This research looked at how schools in Rwanda foster students’ skills for adaptability - their capacity to create, innovate and adjust to shifting circumstances. It uses the psychological lens of cognitive flexibility. Findings highlight teachers’ activities to make lessons more practical and participatory, but also the ongoing obstacles posed by overcrowded classes, resource constraints, inadequate training and limited contact time.

We were curious about… how teachers in Rwanda foster cognitive flexibility

We wanted to understand more about practices in Rwandan schools to support learners’ skills for adaptability.

During this study, Dr Stephen Bayley used cognitive flexibility as a framework to understand how children develop the capacity to respond to the many different challenges of modern life and the changing world. ‘Cognitive flexibility’ describes a set of related skills that enable us to think creatively ‘outside the box’, look at things from different perspectives and adapt quickly to changing circumstances.

To date, research on such skills has focused on learners in high-income contexts. This study set out to understand how schools and teachers in Rwanda nurture cognitive flexibility in the classroom.

And so we did… interviews and observations in Rwandan schools

During the research, Stephen conducted interviews with teachers and head teachers in several government schools around the Rwandan capital, Kigali. He also observed English, maths and social studies lessons to explore what the teachers were doing in practice.

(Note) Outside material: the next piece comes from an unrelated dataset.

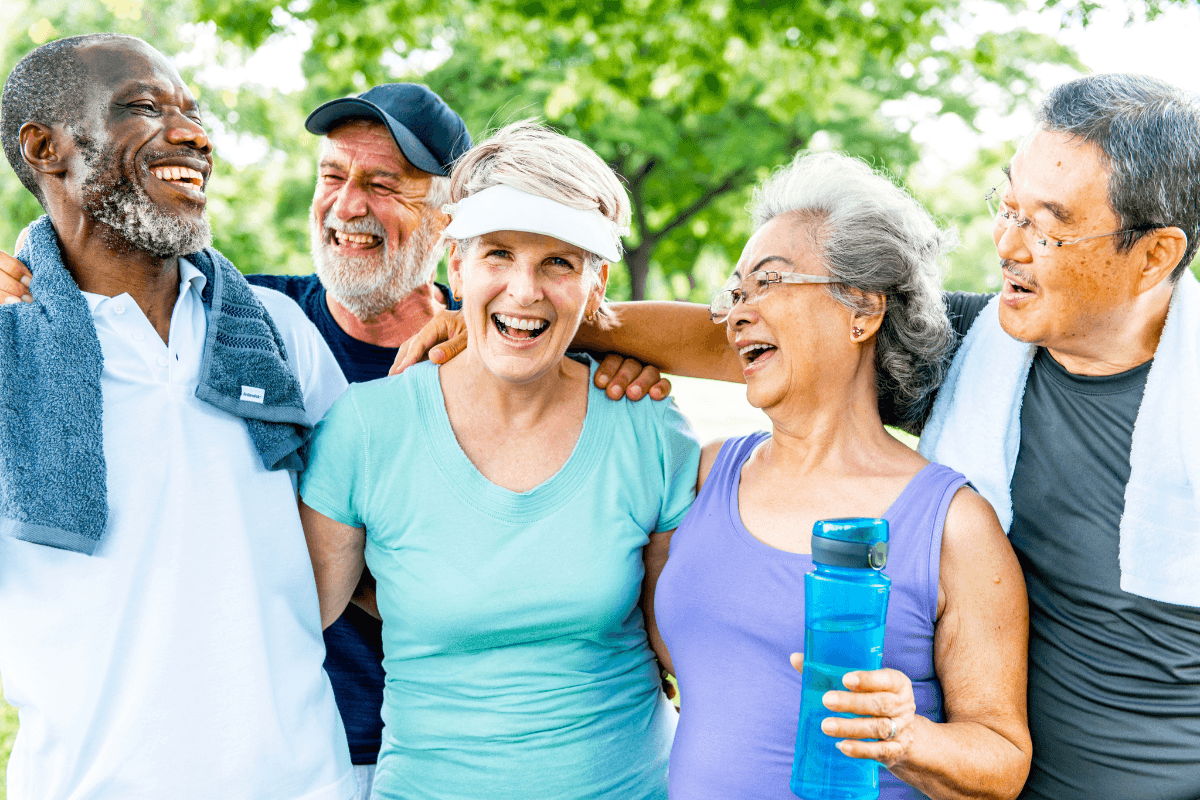 Group of healthy diverse seniors smiling outdoors, enjoying exercise on a sunny day.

We learned that… several approaches help to develop children’s adaptability but these can be difficult to implement.

Stephen’s findings identify several approaches that may help build the children’s adaptability. For example, teachers used practical exercises and extra-curricular activities to encourage learners to think outside the box, or at least outside the classroom. Group work and tasks enabled children to access different perspectives, while regular switches between language and activities within the same lesson could inadvertently foster their adaptive abilities.

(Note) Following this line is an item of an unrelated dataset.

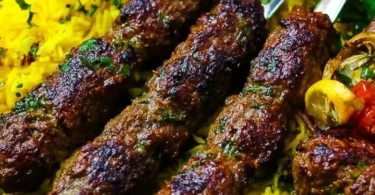 Plate of juicy Middle Eastern kebabs served with fresh vegetables and sauces.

However, multiple barriers impeded teachers’ efforts. Large classes of up to 65 children per room combined with short school days limited their contact time with individual learners. Teachers also reported inadequate resources, such as textbooks, as hindering their work.

The paper concludes with reflections on the potential value of child psychology and neuroscience in understanding pupils’ learning in more diverse settings. In particular, Stephen argues that cognitive flexibility provides a useful lens for both researchers and education policymakers to understand, measure and ultimately support children’s holistic skills for 21st-century life.

This research was conducted by Dr Stephen Bayley as part of his PhD studies.